| layout | title | parent | nav_order |
|---|---|---|---|
default |
Chapter 5: Message Processing Pipeline |
Chatbox Tutorial |
5 |
Welcome to Chapter 5: Message Processing Pipeline. In this part of Chatbox Tutorial: Building Modern AI Chat Interfaces, you will build an intuitive mental model first, then move into concrete implementation details and practical production tradeoffs.
This chapter covers the message processing pipeline, including text processing, formatting, and content enhancement.
// Message processing pipeline
class MessageProcessingPipeline {
private processors: MessageProcessor[] = []
addProcessor(processor: MessageProcessor) {
this.processors.push(processor)
}
async process(message: IncomingMessage): Promise<ProcessedMessage> {
let processedMessage = { ...message }
for (const processor of this.processors) {
try {
processedMessage = await processor.process(processedMessage)
} catch (error) {
console.error(`Processor ${processor.name} failed:`, error)
// Continue with other processors
}
}
return processedMessage
}
async processBatch(messages: IncomingMessage[]): Promise<ProcessedMessage[]> {
return Promise.all(messages.map(message => this.process(message)))
}
}// Message processor interface
interface MessageProcessor {
name: string
process(message: ProcessedMessage): Promise<ProcessedMessage>
}
interface ProcessedMessage {
id: string
content: string
timestamp: Date
metadata: {
originalLength: number
processedLength: number
processingTime: number
processors: string[]
}
formatting?: MessageFormatting
attachments?: Attachment[]
mentions?: Mention[]
links?: Link[]
}// Message content sanitization
class ContentSanitizer implements MessageProcessor {
name = 'contentSanitizer'
async process(message: ProcessedMessage): Promise<ProcessedMessage> {
const sanitized = { ...message }
// Remove potentially harmful content
sanitized.content = this.sanitizeText(message.content)
// Update metadata
sanitized.metadata.processors.push(this.name)
return sanitized
}
private sanitizeText(text: string): string {
// Remove script tags
text = text.replace(/<script\b[^<]*(?:(?!<\/script>)<[^<]*)*<\/script>/gi, '')

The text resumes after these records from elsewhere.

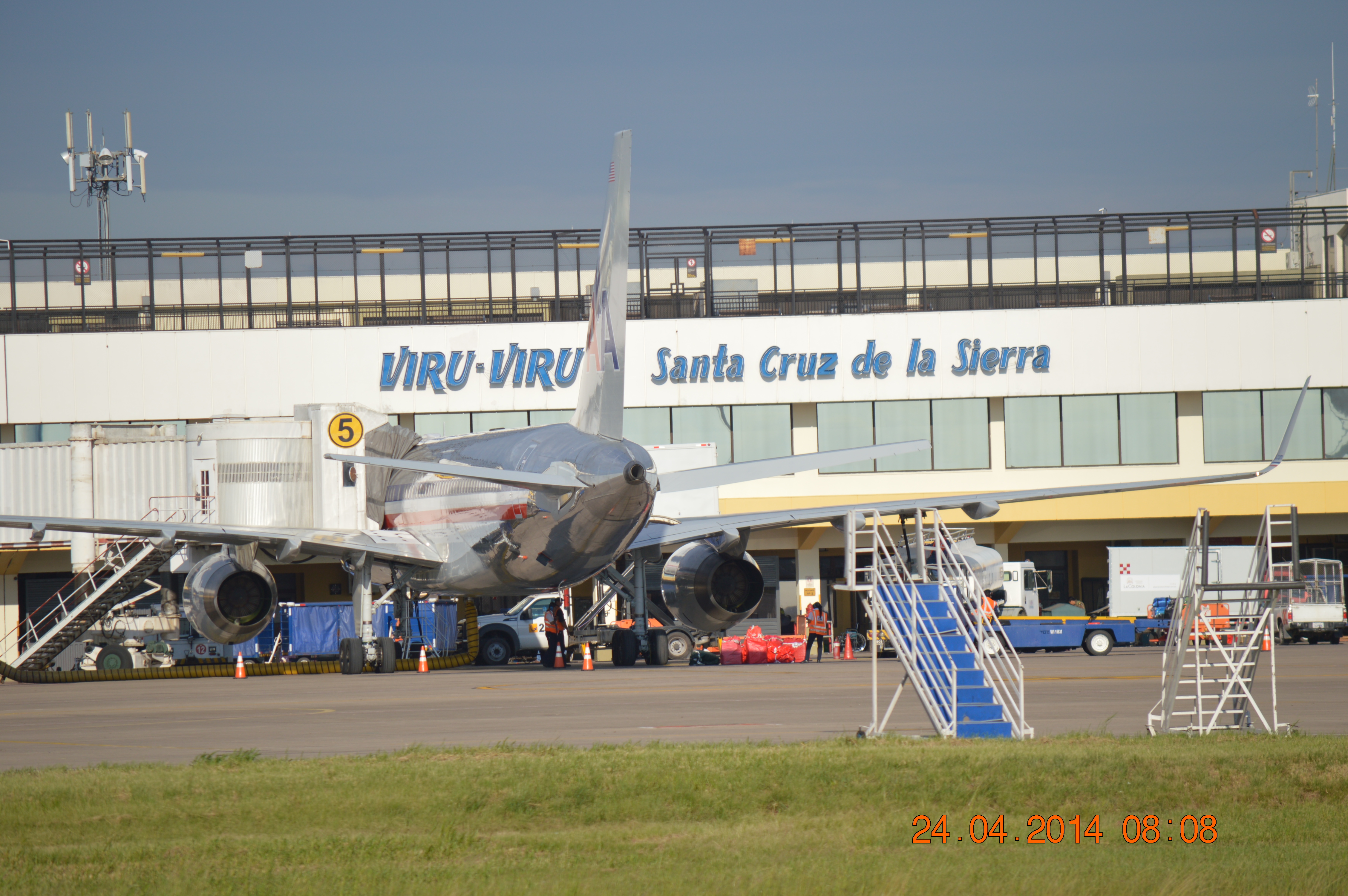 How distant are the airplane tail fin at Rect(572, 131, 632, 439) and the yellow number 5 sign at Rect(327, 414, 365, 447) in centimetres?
1032

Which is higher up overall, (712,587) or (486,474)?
(486,474)

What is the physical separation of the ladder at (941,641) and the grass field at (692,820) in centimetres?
133

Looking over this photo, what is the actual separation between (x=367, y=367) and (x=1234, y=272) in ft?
112

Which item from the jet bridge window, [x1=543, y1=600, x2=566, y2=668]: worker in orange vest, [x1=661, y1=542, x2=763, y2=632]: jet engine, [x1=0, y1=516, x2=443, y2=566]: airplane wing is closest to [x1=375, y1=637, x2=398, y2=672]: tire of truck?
[x1=0, y1=516, x2=443, y2=566]: airplane wing

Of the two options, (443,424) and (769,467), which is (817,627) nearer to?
(769,467)

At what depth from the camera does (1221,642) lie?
15.9m

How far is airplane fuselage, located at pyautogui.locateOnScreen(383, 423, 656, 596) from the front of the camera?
88.5 ft

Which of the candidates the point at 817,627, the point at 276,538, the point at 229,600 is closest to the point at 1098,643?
the point at 817,627

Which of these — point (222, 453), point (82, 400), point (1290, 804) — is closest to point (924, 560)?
point (1290, 804)

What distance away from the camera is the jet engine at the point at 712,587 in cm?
3250

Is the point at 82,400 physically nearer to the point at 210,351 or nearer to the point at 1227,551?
the point at 210,351

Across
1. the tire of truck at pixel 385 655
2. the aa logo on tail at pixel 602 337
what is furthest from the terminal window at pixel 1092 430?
the tire of truck at pixel 385 655

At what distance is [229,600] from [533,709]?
13213 mm

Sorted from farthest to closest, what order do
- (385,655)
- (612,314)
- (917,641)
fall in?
1. (385,655)
2. (612,314)
3. (917,641) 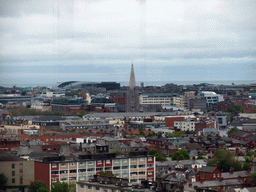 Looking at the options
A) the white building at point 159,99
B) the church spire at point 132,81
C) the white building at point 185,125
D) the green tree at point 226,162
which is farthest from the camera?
the white building at point 159,99

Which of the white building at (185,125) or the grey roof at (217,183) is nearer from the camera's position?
the grey roof at (217,183)

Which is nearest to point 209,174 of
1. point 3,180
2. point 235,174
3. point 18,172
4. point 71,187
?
point 235,174

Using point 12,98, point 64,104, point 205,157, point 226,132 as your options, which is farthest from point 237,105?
point 205,157

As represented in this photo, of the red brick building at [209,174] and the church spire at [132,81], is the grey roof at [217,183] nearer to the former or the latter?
the red brick building at [209,174]

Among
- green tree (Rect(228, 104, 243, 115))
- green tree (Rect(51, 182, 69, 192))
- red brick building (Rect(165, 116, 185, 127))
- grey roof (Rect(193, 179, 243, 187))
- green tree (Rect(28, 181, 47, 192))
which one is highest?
green tree (Rect(51, 182, 69, 192))

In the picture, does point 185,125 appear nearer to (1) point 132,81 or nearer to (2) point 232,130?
(2) point 232,130

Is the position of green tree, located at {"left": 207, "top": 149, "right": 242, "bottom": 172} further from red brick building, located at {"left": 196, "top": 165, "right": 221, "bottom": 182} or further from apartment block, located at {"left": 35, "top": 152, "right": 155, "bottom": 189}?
apartment block, located at {"left": 35, "top": 152, "right": 155, "bottom": 189}

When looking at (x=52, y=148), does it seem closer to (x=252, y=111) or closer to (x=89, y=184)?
(x=89, y=184)

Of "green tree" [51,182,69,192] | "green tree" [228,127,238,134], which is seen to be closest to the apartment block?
"green tree" [51,182,69,192]

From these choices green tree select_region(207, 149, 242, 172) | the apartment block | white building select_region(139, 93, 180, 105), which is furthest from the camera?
white building select_region(139, 93, 180, 105)

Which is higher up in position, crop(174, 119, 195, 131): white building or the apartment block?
the apartment block

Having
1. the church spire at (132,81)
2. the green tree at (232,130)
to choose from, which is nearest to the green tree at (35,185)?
the green tree at (232,130)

// Remove potentially dangerous URLs
text = text.replace(/javascript:/gi, '')
text = text.replace(/data:text\/html/gi, '')
// Remove excessive whitespace
text = text.replace(/\s+/g, ' ').trim()
return text
}
}// Text normalization processor
class TextNormalizer implements MessageProcessor {
name = 'textNormalizer'
async process(message: ProcessedMessage): Promise<ProcessedMessage> {
const normalized = { ...message }
// Normalize unicode characters
normalized.content = this.normalizeUnicode(message.content)
// Normalize whitespace
normalized.content = this.normalizeWhitespace(message.content)
// Normalize quotes and apostrophes
normalized.content = this.normalizeQuotes(message.content)
normalized.metadata.processors.push(this.name)
return normalized
}
private normalizeUnicode(text: string): string {
return text
.normalize('NFKC') // Compatibility decomposition followed by canonical composition
.replace(/[\u2018\u2019]/g, "'") // Smart quotes to regular apostrophes
.replace(/[\u201C\u201D]/g, '"') // Smart quotes to regular quotes
}
private normalizeWhitespace(text: string): string {
return text
.replace(/[\u00A0\u1680\u2000-\u200A\u2028\u2029\u202F\u205F\u3000]/g, ' ') // Various unicode spaces
.replace(/\s+/g, ' ') // Multiple spaces to single
.trim()
}
private normalizeQuotes(text: string): string {
return text
.replace(/["""]/g, '"') // Various quote marks to standard quotes
.replace(/[''']/g, "'") // Various apostrophes to standard apostrophe
}
}// Message formatting processor
class MessageFormatter implements MessageProcessor {
name = 'messageFormatter'
async process(message: ProcessedMessage): Promise<ProcessedMessage> {
const formatted = { ...message }
// Parse markdown
formatted.content = this.parseMarkdown(message.content)
// Apply syntax highlighting
formatted.content = this.applySyntaxHighlighting(message.content)
// Extract formatting metadata
formatted.formatting = this.extractFormatting(message.content)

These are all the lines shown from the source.